Meanwhile, we see pressure on the Pound from falling UK government bond yields, with the 10-year gilt yield easing to 4.15%. This follows the latest Office for National Statistics (ONS) report showing UK inflation fell to 2.1% in April, cooling expectations for a Bank of England rate hike this summer. This uncertainty about the BoE’s path is keeping sterling on the defensive.
Technical Outlook and Key Levels
From a technical standpoint, GBP/USD is struggling below its 20-day moving average around 1.2745, confirming a mildly bearish short-term bias. The pair is currently squeezed between a rising support line from the April lows and a descending resistance line from earlier this month. This tightening formation, or triangle, points to an imminent breakout.
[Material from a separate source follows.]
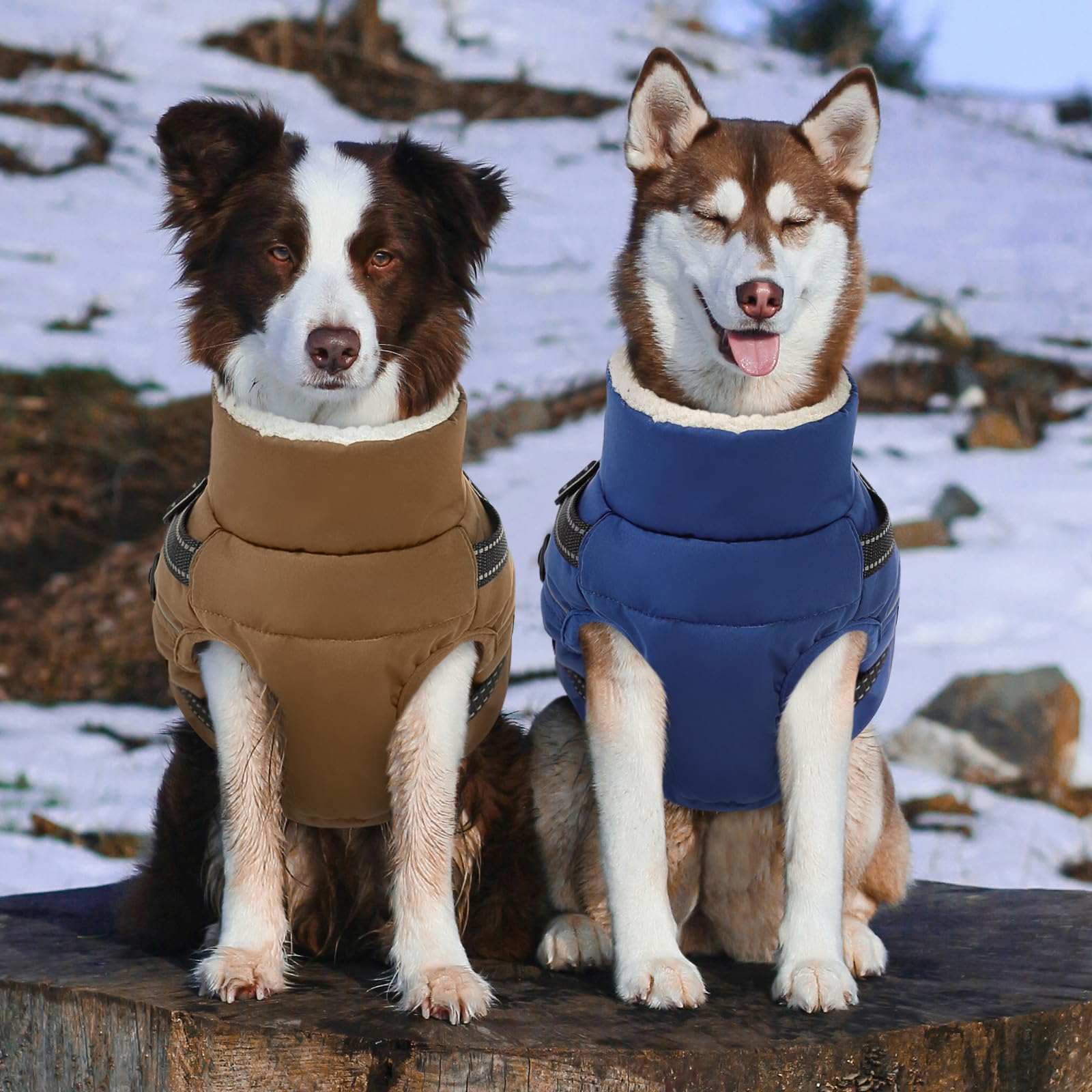 Manteau d’hiver 2XL pour chien par KAMA BRIDAL, dimensions poitrine ~90 cm.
The Relative Strength Index confirms this lack of direction, hovering just below the 50 mark, which signals that neither buyers nor sellers are in control. We believe this period of consolidation is building energy for the next significant price swing. Options traders should note that implied volatility may be low now but could spike once the range breaks.
For now, we are watching for resistance first at the 20-day average of 1.2745 and then the descending trendline near 1.2820. A decisive close above this level would suggest the sideways trend is resolving to the upside. This could trigger buy-stop orders and fuel a move higher.
On the downside, initial support lies at the rising trend line around 1.2650, followed by the psychological 1.2600 level. A break below this support structure would indicate that sellers have taken control. Such a move would likely accelerate the decline as protective stop-loss orders are triggered.